From Chef Watson, which teamed up with the Institute of Culinary Education to develop unexpected food combinations to Watson Tone Analyzer, which performs automatic linguistic analysis to interpret not just the informationm but the tone of people’s writing, Watson is reaching into all sorts of creative applications.
And the cognitive computing system, which has been snapped up and applied in various ways by some 5,000 different application developers in the past year, can also teach us quite a bit about the way our minds work. Years of studying cognitive computing and developing cognitive systems for Watson point to a number of ways in our brains function during creative thinking and problem solving.
“What is creativity? It’s having a message to convey or a problem to solve in the face of some sort of constraints, and figuring out how to achieve that goal in the face of those constraints,” says Abrams.
But what are some of the cognitive roadblocks that might be standing in the way of our ability to think and problem solve most creatively? Fast Company spoke with Abrams about what he’s learned about the cognitive biases we bring to the table that a computing system like Watson is designed to overcome.
In the absence of information, we tend to avoid choosing options we don’t know enough about or don’t feel fully confident in. Behavioral scientists call this the “ambiguity effect”—a cognitive bias in which your decision-making is impaired by a lack of information, says Abrams.
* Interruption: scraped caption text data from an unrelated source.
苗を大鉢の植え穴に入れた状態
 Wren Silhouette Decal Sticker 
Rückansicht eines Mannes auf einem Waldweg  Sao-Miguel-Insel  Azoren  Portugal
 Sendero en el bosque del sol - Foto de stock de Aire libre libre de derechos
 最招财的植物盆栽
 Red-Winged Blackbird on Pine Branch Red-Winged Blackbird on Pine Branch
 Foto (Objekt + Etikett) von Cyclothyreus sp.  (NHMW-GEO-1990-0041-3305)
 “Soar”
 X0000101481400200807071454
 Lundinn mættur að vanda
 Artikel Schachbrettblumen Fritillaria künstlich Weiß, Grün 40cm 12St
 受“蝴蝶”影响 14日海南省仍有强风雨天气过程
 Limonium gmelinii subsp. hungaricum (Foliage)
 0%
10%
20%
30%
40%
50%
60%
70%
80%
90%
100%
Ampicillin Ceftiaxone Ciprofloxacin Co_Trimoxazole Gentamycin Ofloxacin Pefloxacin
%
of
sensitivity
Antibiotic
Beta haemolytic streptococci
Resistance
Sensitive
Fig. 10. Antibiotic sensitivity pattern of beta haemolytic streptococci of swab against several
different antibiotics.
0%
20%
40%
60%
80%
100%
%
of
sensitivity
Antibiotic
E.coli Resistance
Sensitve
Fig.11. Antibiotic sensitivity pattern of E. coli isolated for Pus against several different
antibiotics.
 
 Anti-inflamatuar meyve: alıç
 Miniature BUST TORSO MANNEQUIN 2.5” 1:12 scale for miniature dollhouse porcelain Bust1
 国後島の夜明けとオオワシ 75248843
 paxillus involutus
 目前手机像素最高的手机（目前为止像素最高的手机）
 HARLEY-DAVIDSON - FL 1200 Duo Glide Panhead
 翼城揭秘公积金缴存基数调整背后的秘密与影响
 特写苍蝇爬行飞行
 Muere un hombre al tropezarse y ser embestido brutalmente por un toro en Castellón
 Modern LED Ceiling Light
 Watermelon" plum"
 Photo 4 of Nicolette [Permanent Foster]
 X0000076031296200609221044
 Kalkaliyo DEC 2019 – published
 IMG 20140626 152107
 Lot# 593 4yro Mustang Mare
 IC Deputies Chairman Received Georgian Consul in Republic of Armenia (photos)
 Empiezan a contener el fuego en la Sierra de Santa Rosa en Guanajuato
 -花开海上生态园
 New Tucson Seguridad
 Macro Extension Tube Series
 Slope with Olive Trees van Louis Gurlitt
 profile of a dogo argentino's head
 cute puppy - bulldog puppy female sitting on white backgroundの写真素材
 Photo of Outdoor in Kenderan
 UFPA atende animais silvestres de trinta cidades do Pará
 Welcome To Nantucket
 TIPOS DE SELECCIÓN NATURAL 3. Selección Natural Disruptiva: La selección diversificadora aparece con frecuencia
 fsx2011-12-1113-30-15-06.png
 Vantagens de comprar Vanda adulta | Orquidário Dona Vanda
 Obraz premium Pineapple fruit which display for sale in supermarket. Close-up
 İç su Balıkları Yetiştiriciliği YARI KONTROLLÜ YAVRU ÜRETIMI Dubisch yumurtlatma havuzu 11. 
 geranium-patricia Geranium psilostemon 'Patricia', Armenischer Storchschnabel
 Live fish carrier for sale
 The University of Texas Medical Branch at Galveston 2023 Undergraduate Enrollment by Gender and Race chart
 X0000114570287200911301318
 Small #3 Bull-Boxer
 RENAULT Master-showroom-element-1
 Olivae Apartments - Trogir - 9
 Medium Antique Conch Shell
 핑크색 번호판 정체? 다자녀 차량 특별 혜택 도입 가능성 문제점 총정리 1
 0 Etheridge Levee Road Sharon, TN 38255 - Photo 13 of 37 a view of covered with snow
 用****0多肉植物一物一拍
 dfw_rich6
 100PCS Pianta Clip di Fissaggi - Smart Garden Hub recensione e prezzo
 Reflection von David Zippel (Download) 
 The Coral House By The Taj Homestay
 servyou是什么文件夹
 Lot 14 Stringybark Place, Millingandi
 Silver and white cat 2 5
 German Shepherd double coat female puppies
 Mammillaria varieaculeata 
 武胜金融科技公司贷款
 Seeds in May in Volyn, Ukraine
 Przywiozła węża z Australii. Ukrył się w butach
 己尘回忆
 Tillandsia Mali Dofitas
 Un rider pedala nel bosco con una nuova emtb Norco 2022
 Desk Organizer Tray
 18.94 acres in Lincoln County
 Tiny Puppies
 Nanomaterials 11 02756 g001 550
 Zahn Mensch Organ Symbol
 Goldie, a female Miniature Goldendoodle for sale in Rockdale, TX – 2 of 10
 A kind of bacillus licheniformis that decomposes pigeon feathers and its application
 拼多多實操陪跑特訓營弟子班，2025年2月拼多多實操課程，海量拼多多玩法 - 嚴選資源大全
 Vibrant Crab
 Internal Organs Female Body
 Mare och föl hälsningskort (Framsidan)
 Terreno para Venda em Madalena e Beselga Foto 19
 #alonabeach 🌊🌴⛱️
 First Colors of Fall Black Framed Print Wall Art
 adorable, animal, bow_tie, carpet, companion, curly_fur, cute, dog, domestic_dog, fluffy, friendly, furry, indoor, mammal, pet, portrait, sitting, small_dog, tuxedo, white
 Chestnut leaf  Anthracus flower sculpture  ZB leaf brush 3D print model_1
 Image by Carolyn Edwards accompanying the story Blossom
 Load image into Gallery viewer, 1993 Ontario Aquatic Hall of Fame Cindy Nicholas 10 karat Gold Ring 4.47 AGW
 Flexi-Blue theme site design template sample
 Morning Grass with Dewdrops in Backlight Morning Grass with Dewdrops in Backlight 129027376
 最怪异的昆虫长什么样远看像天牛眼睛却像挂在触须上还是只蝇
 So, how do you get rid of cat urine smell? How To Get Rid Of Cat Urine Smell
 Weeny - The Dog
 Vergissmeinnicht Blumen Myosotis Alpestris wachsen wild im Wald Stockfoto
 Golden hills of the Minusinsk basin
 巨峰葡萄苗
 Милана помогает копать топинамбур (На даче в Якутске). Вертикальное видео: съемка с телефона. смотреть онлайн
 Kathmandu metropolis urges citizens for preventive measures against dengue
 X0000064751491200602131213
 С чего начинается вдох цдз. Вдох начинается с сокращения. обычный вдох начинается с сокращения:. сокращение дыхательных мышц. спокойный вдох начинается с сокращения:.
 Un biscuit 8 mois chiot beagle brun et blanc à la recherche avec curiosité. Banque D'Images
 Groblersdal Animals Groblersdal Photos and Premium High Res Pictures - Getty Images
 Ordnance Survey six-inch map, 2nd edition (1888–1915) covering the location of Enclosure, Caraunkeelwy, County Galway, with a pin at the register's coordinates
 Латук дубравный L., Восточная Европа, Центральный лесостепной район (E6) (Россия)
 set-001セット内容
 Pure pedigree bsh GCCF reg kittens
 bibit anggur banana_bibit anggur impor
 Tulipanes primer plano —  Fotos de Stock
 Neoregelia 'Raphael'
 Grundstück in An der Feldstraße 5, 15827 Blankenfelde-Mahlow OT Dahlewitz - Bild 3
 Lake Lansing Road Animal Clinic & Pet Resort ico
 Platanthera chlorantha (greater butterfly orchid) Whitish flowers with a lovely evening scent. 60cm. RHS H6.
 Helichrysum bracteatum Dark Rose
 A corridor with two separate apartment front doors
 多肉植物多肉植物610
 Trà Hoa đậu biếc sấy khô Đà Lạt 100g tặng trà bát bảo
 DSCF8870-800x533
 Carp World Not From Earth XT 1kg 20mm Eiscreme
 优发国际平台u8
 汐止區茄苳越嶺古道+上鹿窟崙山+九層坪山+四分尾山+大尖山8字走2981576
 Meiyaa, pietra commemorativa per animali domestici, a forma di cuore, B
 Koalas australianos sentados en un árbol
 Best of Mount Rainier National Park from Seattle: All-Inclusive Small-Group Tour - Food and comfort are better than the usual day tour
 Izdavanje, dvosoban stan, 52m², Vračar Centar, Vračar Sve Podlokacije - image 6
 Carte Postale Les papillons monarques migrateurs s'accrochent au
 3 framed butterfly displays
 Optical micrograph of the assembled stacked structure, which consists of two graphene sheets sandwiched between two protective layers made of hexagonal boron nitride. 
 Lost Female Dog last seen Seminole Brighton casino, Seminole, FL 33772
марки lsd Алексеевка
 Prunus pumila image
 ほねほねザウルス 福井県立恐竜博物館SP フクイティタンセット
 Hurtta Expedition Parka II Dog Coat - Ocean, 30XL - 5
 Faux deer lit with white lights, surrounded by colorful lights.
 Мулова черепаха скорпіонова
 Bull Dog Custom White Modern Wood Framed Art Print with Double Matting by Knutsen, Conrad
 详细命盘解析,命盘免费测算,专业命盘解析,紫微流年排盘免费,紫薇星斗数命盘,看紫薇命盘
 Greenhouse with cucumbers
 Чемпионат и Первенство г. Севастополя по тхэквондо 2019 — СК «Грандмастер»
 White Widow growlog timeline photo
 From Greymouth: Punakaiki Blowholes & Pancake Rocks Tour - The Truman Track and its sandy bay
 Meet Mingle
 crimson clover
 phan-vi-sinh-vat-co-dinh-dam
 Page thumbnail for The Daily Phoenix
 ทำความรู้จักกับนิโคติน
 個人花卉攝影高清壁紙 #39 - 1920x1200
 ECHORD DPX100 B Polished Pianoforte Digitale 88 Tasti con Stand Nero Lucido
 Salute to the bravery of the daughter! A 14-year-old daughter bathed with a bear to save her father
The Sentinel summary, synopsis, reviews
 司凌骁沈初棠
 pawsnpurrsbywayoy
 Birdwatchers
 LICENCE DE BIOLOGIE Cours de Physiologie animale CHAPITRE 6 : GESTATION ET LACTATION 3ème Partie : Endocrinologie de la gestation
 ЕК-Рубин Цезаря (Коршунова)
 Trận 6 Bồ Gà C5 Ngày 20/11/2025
Take, for example, the choice by some investors to put their money in a less risky fixed yield instrument rather than opting for a more volatile investment like stocks and funds that have less predictable results, but offer higher returns over time. “There are people for whom that unknown factors into the equation more than it should,” says Abrams. Recognizing those biases and seeking out information in the face of doubt can help counter that ambiguity effect from preventing you to make the best and most informed decision.
Another bias we’re often susceptible to is confirmation bias, or the tendency to look for and favor evidence that confirms what you already believe to be true. This affects the way we approach problem solving—from the key words we choose to look up on a search engine to the details we selectively notice in favor of our own opinions.
Take for example, our preferences in food taste. When Chef Watson called up a flavor pairing between apples and olive oil, the immediate reaction from the human chef involved was skepticism. Apples and olive oil are not a typical combination. But going on Watson’s recommendation, the chef went ahead, resisting his own confirmation bias and found the pairing was surprisingly complementary.
To be clear, this isn’t an actual syndrome, but the phenomenon (sometimes referred to as NIH) is very much out there. It’s the tendency to be more critical of someone else’s ideas rather than your own. We tend to apply higher standards to other people’s solutions rather than our own, rejecting external solutions as less superior.
In the tech world, this kind of NIH is often what leads people to reject software or developments made outside their company in favor of their own in-house version, however inferior it may be. But this happens across industries and organizations.
“Those biases that we aren’t even conscious of having impact the way we interpret results,” says Abrams. “We are trying to build a system that will help us come to a more reasonable set of interesting options, despite the fact that we as human beings have these biases.”